Les héros homériques, dans l’un et l’autre camp, sont des hommes religieux soumis aux dieux : ils n’entreprennent rien avant de leur avoir offert un sacrifice. Quant aux dieux de l’Olympe, loin d’être indifférents à cette guerre, ils fatiguent Zeus de leurs doléances en faveur de leurs héros favoris et pour la victoire de leur camp. Ils vont même jusqu’à se jeter dans la mêlée humaine, au risque de prendre un mauvais coup... telle Aphrodite, blessée par Diomède !
Quelle sera donc la politique du roi de l’Olympe, arbitre du conflit ? Zeus veut que la Grèce d’Athéna l’emporte sur l’Asie d’Aphrodite, sans léser pour autant la justice divine. Agamemnon a spolié Achille ? Lui et son peuple en seront punis par les Troyens, devenu le fléau de Dieu en l’occurrence ; tel est le sujet des vingt premiers chants de l’Iliade. Pour que la balance d’or de la justice divine penche en faveur des Grecs, il faudra la réparation d’Agamemnon d’une part, et le péché d’Hector le troyen tombant à son tour dans la démesure d’autre part. Zeus récompense et châtie ainsi chacun selon ses mérites !
OBJECTIONS D’UN RÉCALCITRANT :
- « Cette mythologie grecque est très poétique. Cependant, l’évocation de toute cette tribu remuante de dieux et de déesses me rappelle une sentence de Voltaire : « Dieu a créé l’homme à son image... mais l’homme le lui a bien rendu. » Ne parlons que d’Héra : drôle de bonne femme, pas commode ! Et puis... Zeus lui-même n’est pas très sérieux comme dieu : voyez par exemple le nombre de ses aventures féminines !
Comment pouvez-vous, par conséquent, chercher des figuratifs des mystères de notre sainte religion dans tout ce fatras ?! Ça n’est pas comparable ! Voir dans l’Iliade le Livre des patriarches et le Pentateuque des Grecs ? Je veux bien, mais ce ne sont alors que de lointaines analogies... - Du reste, l’apport décisif de l’Ancien Testament est la radicale nouveauté du monothéisme. Rien à voir avec l’Iliade qui nous fait retomber dans un polythéisme effréné.
- Et puis la Bible, c’est l’histoire de la constitution du peuple de Dieu. Rien à voir non plus avec l’histoire de la guerre de Troie racontée par Homère cinq siècles après les événements eux-mêmes (d’ailleurs la guerre de Troie avant Homère, ce n’est qu’un conflit local) ! Le poète lui a juste donné par son verbe poétique une portée universelle... »
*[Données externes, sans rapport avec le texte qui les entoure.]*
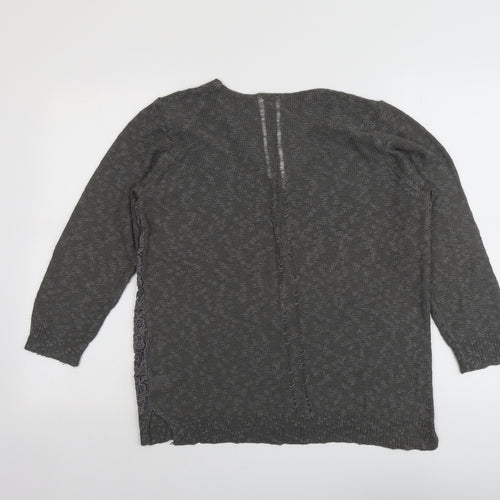 River Island Womens Grey Round Neck Cotton Pullover Jumper Size 16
Pour répondre à cette critique de l’Iliade, frère Bruno lut et commenta la Page Mystique de Noël 1973 : Éros, Polémos et Thanatos. Puis il fit écouter le discours préparé par l’abbé de Nantes pour conclure cette conférence.
« AUX HÉROS GRECS »
« Achéens de légende, Héros les plus beaux de l’Histoire, vous avez regagné votre terre au terme de dix ans de combats engagés dans une épopée glorieuse, dont tous les âges gardent et chantent les exploits fameux... »
Après avoir loué la piété de ces deux peuples, notre Père explique : « Là-haut près du trône de Dieu, il existe bien une géographie sacrée, une politique sacrée où la terre se trouve ordonnée dans une harmonie indescriptible, faite des cent caprices des dieux et des déesses que cependant règle souverainement Zeus, père des dieux et des hommes, selon toute justice ! »
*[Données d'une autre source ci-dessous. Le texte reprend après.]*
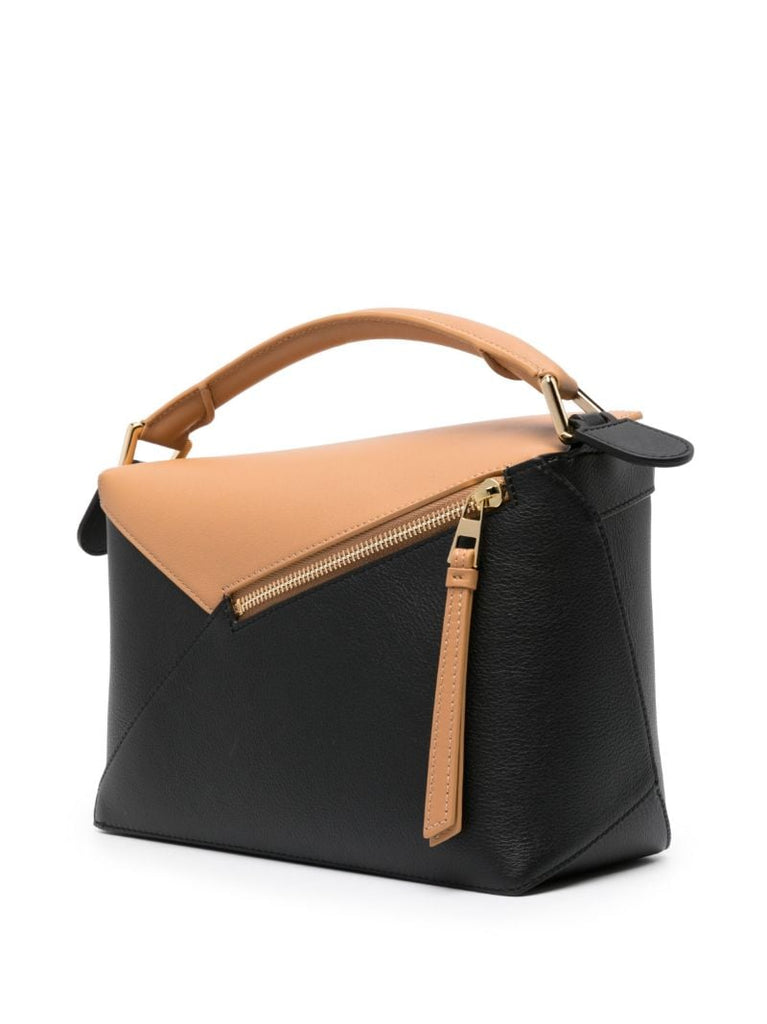 Brown Puzzle Edge Small Leather Top Handle Bag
Puis il réhabilite Héra (« l’épouse de Zeus que les impies insultent bruyamment »), reine du Ciel, garante du lien conjugal et de la fécondité... quand « Les Troyens, eux, ont préféré Aphrodite dont les charmes séduisent les cœurs les plus forts ! Mais cette déesse de la Passion, destructrice des foyers, est ravageuse des cités, embrasant les cœurs et les corps de Pâris et d’Hélène, cause de cette longue guerre (...).
« De l’affrontement d’Athéna et d’Aphrodite résulte le choc de deux principes qui feront deux civilisations, deux mondes : l’Asie d’une part et la Grèce de l’autre. L’Intelligence divine donne à ses favoris (les Achéens) le goût de l’ordre et de la mesure, ainsi que du labeur. Aphrodite lascive invite les Troyens à la douceur de vivre, à la facilité et à l’anarchie pisithanate. Entre ces deux faces du monde (que plus tard nous appellerons classicisme et romantisme) Zeus également courtisé hésite, cependant que déjà son cœur sait ce qu’il fera...
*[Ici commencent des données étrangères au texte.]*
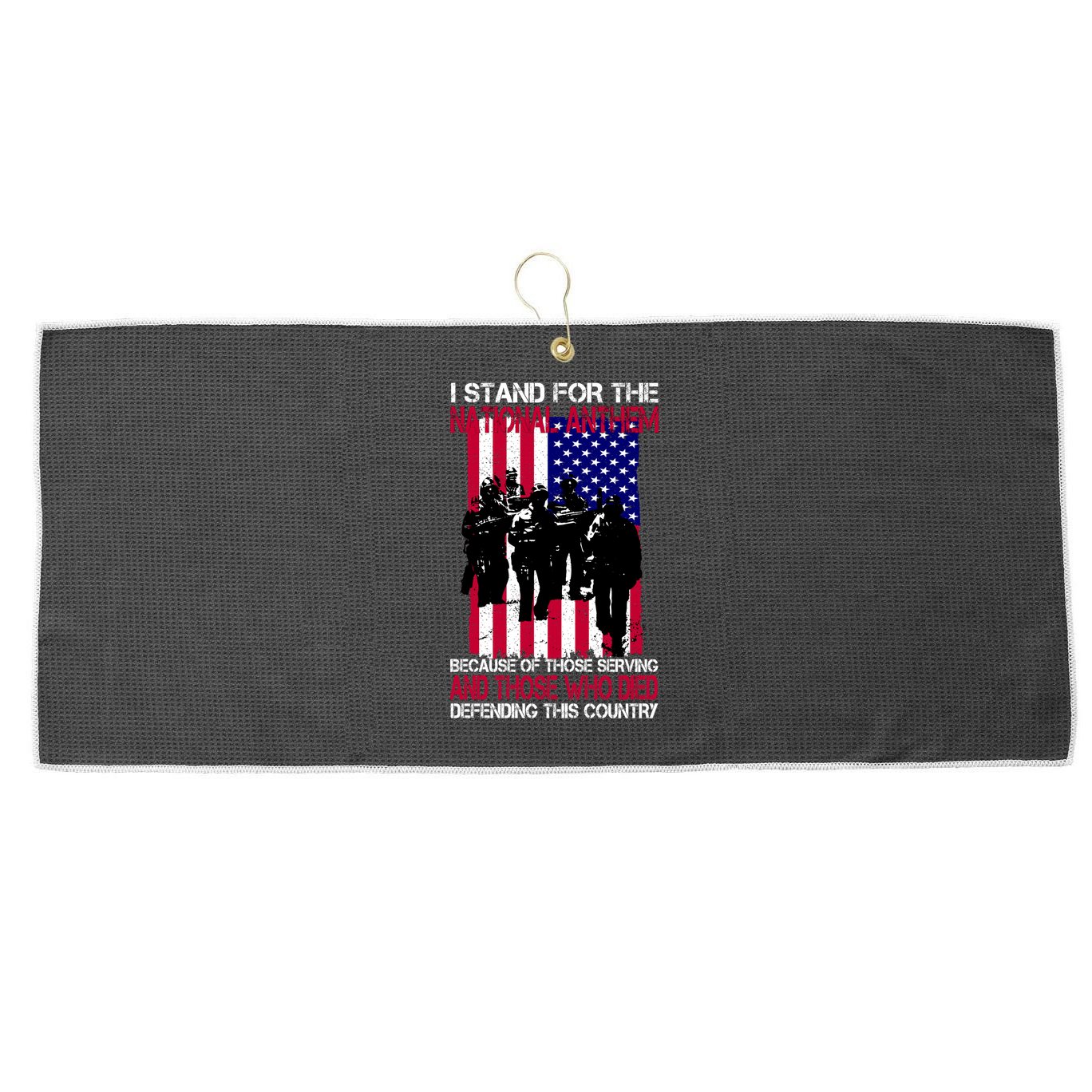 I Stand For The National Anthem Defending This Country Large Microfiber Waffle Golf Towel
« Ô superbe Athéna chérie de ton Père, revêtue de la tunique de Zeus, et par-dessus : de l’armure sacrée... tu galopes vers tes bien-aimés ! Ah, qui pourrait oublier ton secours à Diomède, le héros que tu aimes ? Tu le galvanises et tu lui donnes la victoire.
« Commerce exquis, incroyablement libre et osé, entre ces créatures de néant et leurs aides (et confidents) descendus de l’Olympe : admirable échange, qui mêle la vénération des innombrables divinités (et la crainte de leur grandeur, de leur puissance toujours redoutable) aux familiarités (voire : aux insolences) dont elles ne s’irritent pas ! Voyez : ce ne sont que libations, sacrifices, prières point du tout instinctives mais d’intime connivence pour ne pas dire : d’amour...
« Voilà pour l’histoire assurément transfigurée de vos deux peuples. Elle ne serait, certes, rien qu’une belle poésie homérique... si le destin des hommes ne résultait, dans la volonté des dieux, de leur conduite religieuse et morale. Oui : Zeus entend que tout bienfait sanctionne quelque mérite, et que toute démesure, tout désordre, soit redressé par quelque colère, impatience ou défaveur des dieux et déesses, ainsi mortifiantes et coûteuses à leurs protégés habituels (...)
« Homère a peint sur le rideau du théâtre de l’histoire une admirable fresque où Zeus préside aux destinées humaines de très haut...
« Mais voyez maintenant ce rideau s’évanouir lentement, nous laissant contempler le Dieu d’Abraham là où auparavant siégeait Zeus, lui ressemblant au sommet des Cieux... Sur la terre s’agitent encore des peuples, parmi lesquels nous considérons avec faveur et admiration ceux qui invoquent leur Dieu et multiplient vers lui les sacrifices. Leur histoire nous paraît de ce fait prendre sens, et leurs combats revêtent une beauté (et même : une gloire impérissable) dans les épreuves et le sacrifice de leurs héros... de leurs saints !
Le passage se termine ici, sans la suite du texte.